Here's one from Wayne Barrett and Democracy Now about dRumpf's beaucoup org crime connections:

http://www.democracynow.org/2016/6/30/a_classic_state_capitalist_how_donald

The multi part series elaborates on all manner of criminal connections benefitting Fred and l'il donnie.

One thing that struck me was the connection of Roger Stone to Roy Cohn. I always had Manafort Black & Stone down as intel-connected repug operatives. I just saw a recent article equating Manafort to a mobster, has ties to Russian organized crime. I don't throw out the intel connection idea entirely, but wonder if that group come from organized crime and got involved in repug intel, or if they're from intel and got involved in working with mob connected people. Chicken or egg?
July 13, 2016

He's so proud of his business successes, and he did nothing wrong, and he

is such a straight shooter who tells it like it is. Why would he not want to see video publicly broadcast of his favorite thing in the world -- which is l'il donnie dRumpf mouthing off on camera -- talking about his success, saying his wonderful success was fair and legal and due to his genius, and telling the blunt and unvarnished truth, like he always does?

July 8, 2016

Where's the 'anonymous' part come into play? Eric said donnie gave the money.

We know Eric, we know donnie, we know the foundation.

He's a chip off the old block.

May 28, 2016

Recced.

Any attempt to explain the ineffable phenomenom of that nazi weasel's popularity with his fans is welcome, and trying to understand and analyze it is important. Agreed that the supporter shows extreme cognitive dissonance in the examples brought up by other post-ers, and the cogdis can help explain things.

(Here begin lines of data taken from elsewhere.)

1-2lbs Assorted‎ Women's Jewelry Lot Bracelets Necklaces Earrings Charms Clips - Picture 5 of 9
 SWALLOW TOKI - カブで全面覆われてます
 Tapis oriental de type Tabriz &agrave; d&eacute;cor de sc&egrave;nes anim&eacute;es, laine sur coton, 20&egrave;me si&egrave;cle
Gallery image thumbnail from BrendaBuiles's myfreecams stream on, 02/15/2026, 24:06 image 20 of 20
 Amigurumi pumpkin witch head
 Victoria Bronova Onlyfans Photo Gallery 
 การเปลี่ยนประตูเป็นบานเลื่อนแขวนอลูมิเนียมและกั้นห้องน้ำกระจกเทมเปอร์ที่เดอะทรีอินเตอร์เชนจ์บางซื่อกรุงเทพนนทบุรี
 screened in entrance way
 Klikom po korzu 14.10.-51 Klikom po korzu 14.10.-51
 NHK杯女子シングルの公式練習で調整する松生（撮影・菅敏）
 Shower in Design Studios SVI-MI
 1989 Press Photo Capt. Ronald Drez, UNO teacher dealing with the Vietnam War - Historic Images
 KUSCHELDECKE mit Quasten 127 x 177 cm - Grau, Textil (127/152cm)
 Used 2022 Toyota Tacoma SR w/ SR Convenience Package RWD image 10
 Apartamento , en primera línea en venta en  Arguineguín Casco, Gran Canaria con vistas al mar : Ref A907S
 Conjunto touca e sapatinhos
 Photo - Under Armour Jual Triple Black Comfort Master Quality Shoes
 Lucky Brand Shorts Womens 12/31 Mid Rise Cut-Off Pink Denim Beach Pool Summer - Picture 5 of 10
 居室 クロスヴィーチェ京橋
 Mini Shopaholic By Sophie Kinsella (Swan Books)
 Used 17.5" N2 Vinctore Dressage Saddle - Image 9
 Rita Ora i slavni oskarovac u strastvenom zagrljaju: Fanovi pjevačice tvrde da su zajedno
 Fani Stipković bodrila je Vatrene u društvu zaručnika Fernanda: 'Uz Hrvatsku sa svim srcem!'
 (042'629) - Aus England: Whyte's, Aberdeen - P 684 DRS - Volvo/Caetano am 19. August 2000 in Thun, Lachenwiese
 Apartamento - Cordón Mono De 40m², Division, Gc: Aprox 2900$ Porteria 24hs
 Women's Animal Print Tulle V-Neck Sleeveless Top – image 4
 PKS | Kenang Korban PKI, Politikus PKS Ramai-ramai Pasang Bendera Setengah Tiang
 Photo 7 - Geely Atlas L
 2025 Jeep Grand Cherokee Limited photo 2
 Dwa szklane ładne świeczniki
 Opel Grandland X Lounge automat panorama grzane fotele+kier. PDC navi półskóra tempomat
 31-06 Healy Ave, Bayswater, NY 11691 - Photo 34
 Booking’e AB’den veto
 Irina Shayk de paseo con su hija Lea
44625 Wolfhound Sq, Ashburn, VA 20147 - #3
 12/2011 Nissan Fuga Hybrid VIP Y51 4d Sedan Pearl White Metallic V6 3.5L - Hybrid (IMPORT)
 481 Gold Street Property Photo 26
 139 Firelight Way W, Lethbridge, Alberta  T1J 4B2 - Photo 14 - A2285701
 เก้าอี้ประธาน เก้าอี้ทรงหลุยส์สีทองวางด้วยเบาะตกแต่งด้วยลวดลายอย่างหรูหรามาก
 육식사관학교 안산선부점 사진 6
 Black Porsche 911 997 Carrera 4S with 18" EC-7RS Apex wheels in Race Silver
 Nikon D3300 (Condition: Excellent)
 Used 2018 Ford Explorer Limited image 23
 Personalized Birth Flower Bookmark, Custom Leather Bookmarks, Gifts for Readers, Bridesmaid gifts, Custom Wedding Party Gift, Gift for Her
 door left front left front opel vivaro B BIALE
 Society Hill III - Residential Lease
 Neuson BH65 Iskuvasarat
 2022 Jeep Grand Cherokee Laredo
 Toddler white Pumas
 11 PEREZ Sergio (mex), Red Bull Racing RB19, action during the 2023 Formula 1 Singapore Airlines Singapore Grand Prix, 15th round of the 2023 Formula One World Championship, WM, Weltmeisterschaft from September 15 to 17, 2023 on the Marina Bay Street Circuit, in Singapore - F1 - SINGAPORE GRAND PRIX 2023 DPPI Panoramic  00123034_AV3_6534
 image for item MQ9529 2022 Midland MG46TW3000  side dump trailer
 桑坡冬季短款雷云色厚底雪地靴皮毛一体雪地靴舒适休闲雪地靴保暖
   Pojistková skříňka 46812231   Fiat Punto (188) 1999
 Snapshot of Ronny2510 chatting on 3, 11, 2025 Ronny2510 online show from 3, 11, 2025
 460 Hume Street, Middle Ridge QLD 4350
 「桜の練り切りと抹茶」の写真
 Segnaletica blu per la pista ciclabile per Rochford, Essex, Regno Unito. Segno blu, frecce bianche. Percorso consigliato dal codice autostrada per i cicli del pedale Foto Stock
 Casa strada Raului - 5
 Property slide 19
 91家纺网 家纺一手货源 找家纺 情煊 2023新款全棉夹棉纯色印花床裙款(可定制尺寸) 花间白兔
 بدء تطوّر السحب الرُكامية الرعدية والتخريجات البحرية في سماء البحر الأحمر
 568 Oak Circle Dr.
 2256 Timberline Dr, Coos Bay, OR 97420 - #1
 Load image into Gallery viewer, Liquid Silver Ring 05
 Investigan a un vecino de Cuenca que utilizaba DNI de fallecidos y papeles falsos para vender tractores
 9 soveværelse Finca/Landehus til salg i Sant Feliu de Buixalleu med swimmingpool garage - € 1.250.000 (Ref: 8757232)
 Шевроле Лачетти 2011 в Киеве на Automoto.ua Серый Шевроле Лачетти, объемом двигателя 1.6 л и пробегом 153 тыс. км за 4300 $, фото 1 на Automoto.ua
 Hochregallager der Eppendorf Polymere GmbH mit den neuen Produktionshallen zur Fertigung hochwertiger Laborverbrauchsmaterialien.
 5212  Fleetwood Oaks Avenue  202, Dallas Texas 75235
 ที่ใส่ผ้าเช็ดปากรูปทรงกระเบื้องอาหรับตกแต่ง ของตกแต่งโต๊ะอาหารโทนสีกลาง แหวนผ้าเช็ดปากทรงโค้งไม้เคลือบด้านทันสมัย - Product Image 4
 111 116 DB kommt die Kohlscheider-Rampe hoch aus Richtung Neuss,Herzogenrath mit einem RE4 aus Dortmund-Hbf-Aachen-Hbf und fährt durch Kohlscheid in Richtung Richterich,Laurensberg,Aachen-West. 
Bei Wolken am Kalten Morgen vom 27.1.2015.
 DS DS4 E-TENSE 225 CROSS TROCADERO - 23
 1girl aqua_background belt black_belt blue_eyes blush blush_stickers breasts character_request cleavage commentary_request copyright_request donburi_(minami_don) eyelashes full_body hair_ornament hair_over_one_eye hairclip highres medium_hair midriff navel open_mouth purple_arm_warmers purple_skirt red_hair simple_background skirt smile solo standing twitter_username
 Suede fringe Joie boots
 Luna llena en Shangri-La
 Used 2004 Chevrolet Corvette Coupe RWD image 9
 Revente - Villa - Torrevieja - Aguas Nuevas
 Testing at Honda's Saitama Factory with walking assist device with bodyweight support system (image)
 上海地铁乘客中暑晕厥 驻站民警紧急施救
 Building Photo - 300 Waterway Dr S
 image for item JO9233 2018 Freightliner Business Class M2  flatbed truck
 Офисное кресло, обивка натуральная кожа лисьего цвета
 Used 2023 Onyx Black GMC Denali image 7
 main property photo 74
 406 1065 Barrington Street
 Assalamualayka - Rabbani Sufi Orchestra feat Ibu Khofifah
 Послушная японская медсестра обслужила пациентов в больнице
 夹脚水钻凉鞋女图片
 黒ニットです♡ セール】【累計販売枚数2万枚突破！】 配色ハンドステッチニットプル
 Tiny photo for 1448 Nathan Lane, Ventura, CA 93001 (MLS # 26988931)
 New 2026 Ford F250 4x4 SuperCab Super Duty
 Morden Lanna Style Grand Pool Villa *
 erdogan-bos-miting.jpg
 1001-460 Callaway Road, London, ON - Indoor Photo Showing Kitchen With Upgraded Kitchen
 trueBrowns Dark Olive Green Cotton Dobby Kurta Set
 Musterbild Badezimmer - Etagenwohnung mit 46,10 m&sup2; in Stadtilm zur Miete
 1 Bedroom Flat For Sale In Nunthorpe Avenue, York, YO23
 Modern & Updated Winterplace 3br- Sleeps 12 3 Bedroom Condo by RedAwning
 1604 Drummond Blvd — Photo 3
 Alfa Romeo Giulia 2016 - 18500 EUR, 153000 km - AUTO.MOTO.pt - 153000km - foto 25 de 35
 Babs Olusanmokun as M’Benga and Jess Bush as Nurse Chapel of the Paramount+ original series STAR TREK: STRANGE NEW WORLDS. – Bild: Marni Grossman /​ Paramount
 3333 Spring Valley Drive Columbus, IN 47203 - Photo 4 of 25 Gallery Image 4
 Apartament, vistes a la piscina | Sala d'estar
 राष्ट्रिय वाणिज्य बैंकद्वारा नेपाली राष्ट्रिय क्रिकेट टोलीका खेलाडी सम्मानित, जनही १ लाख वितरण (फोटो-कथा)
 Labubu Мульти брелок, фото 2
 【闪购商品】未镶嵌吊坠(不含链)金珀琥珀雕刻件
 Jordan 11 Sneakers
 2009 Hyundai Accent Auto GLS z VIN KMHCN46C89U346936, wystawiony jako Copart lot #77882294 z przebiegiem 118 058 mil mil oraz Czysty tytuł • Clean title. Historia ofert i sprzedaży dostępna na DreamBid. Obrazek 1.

The polite one-on-one interaction with the interviewer seems like it softens the edges on dRumpf's followers' image too much. For every polite cog dis person like this one, there are 10 screaming aggressive yahoos. It's not just watching them as a group screaming their approval for his applause lines that are attacking other people and nations, it's watching his individual followers interacting with others, telling them to 'go to auschwitz', 'go back to me hi co', physically assaulting peaceful protestors, stuff like that. So the polite 22 year old is part of that mob anyway, and even if he remains polite, he's drowned in a sea of crazy belligerents.

Every hate filled and aggressive thing he's said and done just made his polls rise among the small percentage of voting Americans who decided the repug primary. They really like the fact that their hero is disgusting and repellent to the people that the repugs regard as their 'enemies', they're blissfully happy that he's trolling Dems, Women, progressives, Blacks, Hispanics, Moslems, Labor, Chinese, the poor, scientists, intellectuals, etc. They relish the negative reaction dRumpf provokes in people that his followers hate anyway.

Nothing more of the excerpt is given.